● **Given entries**:
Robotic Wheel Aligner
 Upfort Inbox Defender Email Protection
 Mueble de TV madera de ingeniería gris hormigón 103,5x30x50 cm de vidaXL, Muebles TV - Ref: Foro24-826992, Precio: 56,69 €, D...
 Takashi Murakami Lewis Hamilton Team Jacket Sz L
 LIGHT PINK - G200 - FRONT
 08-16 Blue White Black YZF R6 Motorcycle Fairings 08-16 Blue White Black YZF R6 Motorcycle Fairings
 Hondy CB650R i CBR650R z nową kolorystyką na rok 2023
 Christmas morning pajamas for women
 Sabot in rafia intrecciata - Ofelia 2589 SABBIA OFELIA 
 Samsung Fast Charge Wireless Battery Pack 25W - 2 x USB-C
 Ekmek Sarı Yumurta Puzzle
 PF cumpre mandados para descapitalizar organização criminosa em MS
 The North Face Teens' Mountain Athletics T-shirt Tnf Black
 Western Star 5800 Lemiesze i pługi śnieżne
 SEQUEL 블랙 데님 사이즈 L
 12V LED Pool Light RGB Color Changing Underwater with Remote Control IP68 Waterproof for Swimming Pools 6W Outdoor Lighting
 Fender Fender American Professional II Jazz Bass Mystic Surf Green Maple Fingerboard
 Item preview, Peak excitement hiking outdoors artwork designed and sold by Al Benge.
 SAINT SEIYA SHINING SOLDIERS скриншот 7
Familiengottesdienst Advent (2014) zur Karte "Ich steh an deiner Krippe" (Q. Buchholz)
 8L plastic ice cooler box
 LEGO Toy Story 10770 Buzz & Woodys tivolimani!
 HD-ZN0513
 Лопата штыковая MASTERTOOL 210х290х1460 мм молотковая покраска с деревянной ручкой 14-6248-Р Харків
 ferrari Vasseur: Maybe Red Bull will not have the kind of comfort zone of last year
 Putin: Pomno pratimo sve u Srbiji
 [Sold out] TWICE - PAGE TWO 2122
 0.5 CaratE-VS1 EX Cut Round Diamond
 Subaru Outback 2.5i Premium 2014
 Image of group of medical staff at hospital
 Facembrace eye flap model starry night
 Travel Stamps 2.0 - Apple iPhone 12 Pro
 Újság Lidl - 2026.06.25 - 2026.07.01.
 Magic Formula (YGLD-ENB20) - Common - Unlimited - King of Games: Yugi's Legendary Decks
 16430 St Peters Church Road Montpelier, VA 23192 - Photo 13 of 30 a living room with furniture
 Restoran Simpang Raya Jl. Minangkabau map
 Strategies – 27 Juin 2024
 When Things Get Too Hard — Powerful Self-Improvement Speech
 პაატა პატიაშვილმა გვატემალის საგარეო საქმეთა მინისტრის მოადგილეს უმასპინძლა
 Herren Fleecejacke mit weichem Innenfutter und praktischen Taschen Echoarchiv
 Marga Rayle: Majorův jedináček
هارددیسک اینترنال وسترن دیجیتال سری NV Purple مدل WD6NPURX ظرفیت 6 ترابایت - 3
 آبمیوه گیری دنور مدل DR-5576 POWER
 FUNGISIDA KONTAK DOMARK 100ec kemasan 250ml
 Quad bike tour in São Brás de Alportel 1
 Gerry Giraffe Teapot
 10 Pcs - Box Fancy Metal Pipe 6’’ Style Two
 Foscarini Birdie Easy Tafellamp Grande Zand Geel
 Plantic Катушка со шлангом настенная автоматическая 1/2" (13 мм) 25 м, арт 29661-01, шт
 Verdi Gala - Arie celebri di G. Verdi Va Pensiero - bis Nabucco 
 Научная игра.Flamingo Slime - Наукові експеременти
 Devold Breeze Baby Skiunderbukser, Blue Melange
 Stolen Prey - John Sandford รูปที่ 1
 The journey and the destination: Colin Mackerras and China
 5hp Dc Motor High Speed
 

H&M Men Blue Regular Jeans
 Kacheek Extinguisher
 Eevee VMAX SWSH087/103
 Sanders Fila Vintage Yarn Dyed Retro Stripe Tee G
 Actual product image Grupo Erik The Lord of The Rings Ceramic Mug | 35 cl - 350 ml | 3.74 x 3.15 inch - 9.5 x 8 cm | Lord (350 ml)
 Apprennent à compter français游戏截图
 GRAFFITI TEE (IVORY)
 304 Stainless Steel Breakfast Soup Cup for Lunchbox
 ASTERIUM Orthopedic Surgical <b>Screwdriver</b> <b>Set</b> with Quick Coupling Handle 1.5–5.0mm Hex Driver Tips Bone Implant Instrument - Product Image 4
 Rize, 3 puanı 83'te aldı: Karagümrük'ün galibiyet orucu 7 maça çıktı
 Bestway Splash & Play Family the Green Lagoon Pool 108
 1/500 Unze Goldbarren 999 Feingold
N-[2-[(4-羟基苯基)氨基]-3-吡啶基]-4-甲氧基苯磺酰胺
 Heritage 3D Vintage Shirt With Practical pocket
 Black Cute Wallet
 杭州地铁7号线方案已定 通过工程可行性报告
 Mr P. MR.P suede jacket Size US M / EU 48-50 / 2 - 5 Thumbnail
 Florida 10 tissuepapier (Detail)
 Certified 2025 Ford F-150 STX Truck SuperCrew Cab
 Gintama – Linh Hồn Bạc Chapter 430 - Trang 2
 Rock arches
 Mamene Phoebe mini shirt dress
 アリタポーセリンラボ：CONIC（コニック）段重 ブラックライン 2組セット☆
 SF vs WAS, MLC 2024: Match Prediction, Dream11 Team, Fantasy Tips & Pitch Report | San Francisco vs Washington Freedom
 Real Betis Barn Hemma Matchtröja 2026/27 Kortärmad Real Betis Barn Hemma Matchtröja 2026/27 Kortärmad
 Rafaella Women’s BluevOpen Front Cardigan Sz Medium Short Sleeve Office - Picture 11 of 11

● **The task**:
Output each line of the material above. Nothing should differ from the original.

● **Answer to this exercise**:
Robotic Wheel Aligner
 Upfort Inbox Defender Email Protection
 Mueble de TV madera de ingeniería gris hormigón 103,5x30x50 cm de vidaXL, Muebles TV - Ref: Foro24-826992, Precio: 56,69 €, D...
 Takashi Murakami Lewis Hamilton Team Jacket Sz L
 LIGHT PINK - G200 - FRONT
 08-16 Blue White Black YZF R6 Motorcycle Fairings 08-16 Blue White Black YZF R6 Motorcycle Fairings
 Hondy CB650R i CBR650R z nową kolorystyką na rok 2023
 Christmas morning pajamas for women
 Sabot in rafia intrecciata - Ofelia 2589 SABBIA OFELIA 
 Samsung Fast Charge Wireless Battery Pack 25W - 2 x USB-C
 Ekmek Sarı Yumurta Puzzle
 PF cumpre mandados para descapitalizar organização criminosa em MS
 The North Face Teens' Mountain Athletics T-shirt Tnf Black
 Western Star 5800 Lemiesze i pługi śnieżne
 SEQUEL 블랙 데님 사이즈 L
 12V LED Pool Light RGB Color Changing Underwater with Remote Control IP68 Waterproof for Swimming Pools 6W Outdoor Lighting
 Fender Fender American Professional II Jazz Bass Mystic Surf Green Maple Fingerboard
 Item preview, Peak excitement hiking outdoors artwork designed and sold by Al Benge.
 SAINT SEIYA SHINING SOLDIERS скриншот 7
Familiengottesdienst Advent (2014) zur Karte "Ich steh an deiner Krippe" (Q. Buchholz)
 8L plastic ice cooler box
 LEGO Toy Story 10770 Buzz & Woodys tivolimani!
 HD-ZN0513
 Лопата штыковая MASTERTOOL 210х290х1460 мм молотковая покраска с деревянной ручкой 14-6248-Р Харків
 ferrari Vasseur: Maybe Red Bull will not have the kind of comfort zone of last year
 Putin: Pomno pratimo sve u Srbiji
 [Sold out] TWICE - PAGE TWO 2122
 0.5 CaratE-VS1 EX Cut Round Diamond
 Subaru Outback 2.5i Premium 2014
 Image of group of medical staff at hospital
 Facembrace eye flap model starry night
 Travel Stamps 2.0 - Apple iPhone 12 Pro
 Újság Lidl - 2026.06.25 - 2026.07.01.
 Magic Formula (YGLD-ENB20) - Common - Unlimited - King of Games: Yugi's Legendary Decks
 16430 St Peters Church Road Montpelier, VA 23192 - Photo 13 of 30 a living room with furniture
 Restoran Simpang Raya Jl. Minangkabau map
 Strategies – 27 Juin 2024
 When Things Get Too Hard — Powerful Self-Improvement Speech
 პაატა პატიაშვილმა გვატემალის საგარეო საქმეთა მინისტრის მოადგილეს უმასპინძლა
 Herren Fleecejacke mit weichem Innenfutter und praktischen Taschen Echoarchiv
 Marga Rayle: Majorův jedináček
هارددیسک اینترنال وسترن دیجیتال سری NV Purple مدل WD6NPURX ظرفیت 6 ترابایت - 3
 آبمیوه گیری دنور مدل DR-5576 POWER
 FUNGISIDA KONTAK DOMARK 100ec kemasan 250ml
 Quad bike tour in São Brás de Alportel 1
 Gerry Giraffe Teapot
 10 Pcs - Box Fancy Metal Pipe 6’’ Style Two
 Foscarini Birdie Easy Tafellamp Grande Zand Geel
 Plantic Катушка со шлангом настенная автоматическая 1/2" (13 мм) 25 м, арт 29661-01, шт
 Verdi Gala - Arie celebri di G. Verdi Va Pensiero - bis Nabucco 
 Научная игра.Flamingo Slime - Наукові експеременти
 Devold Breeze Baby Skiunderbukser, Blue Melange
 Stolen Prey - John Sandford รูปที่ 1
 The journey and the destination: Colin Mackerras and China
 5hp Dc Motor High Speed
 

H&M Men Blue Regular Jeans
 Kacheek Extinguisher
 Eevee VMAX SWSH087/103
 Sanders Fila Vintage Yarn Dyed Retro Stripe Tee G
 Actual product image Grupo Erik The Lord of The Rings Ceramic Mug | 35 cl - 350 ml | 3.74 x 3.15 inch - 9.5 x 8 cm | Lord (350 ml)
 Apprennent à compter français游戏截图
 GRAFFITI TEE (IVORY)
 304 Stainless Steel Breakfast Soup Cup for Lunchbox
 ASTERIUM Orthopedic Surgical <b>Screwdriver</b> <b>Set</b> with Quick Coupling Handle 1.5–5.0mm Hex Driver Tips Bone Implant Instrument - Product Image 4
 Rize, 3 puanı 83'te aldı: Karagümrük'ün galibiyet orucu 7 maça çıktı
 Bestway Splash & Play Family the Green Lagoon Pool 108
 1/500 Unze Goldbarren 999 Feingold
N-[2-[(4-羟基苯基)氨基]-3-吡啶基]-4-甲氧基苯磺酰胺
 Heritage 3D Vintage Shirt With Practical pocket
 Black Cute Wallet
 杭州地铁7号线方案已定 通过工程可行性报告
 Mr P. MR.P suede jacket Size US M / EU 48-50 / 2 - 5 Thumbnail
 Florida 10 tissuepapier (Detail)
 Certified 2025 Ford F-150 STX Truck SuperCrew Cab
 Gintama – Linh Hồn Bạc Chapter 430 - Trang 2
 Rock arches
 Mamene Phoebe mini shirt dress
 アリタポーセリンラボ：CONIC（コニック）段重 ブラックライン 2組セット☆
 SF vs WAS, MLC 2024: Match Prediction, Dream11 Team, Fantasy Tips & Pitch Report | San Francisco vs Washington Freedom
 Real Betis Barn Hemma Matchtröja 2026/27 Kortärmad Real Betis Barn Hemma Matchtröja 2026/27 Kortärmad
 Rafaella Women’s BluevOpen Front Cardigan Sz Medium Short Sleeve Office - Picture 11 of 11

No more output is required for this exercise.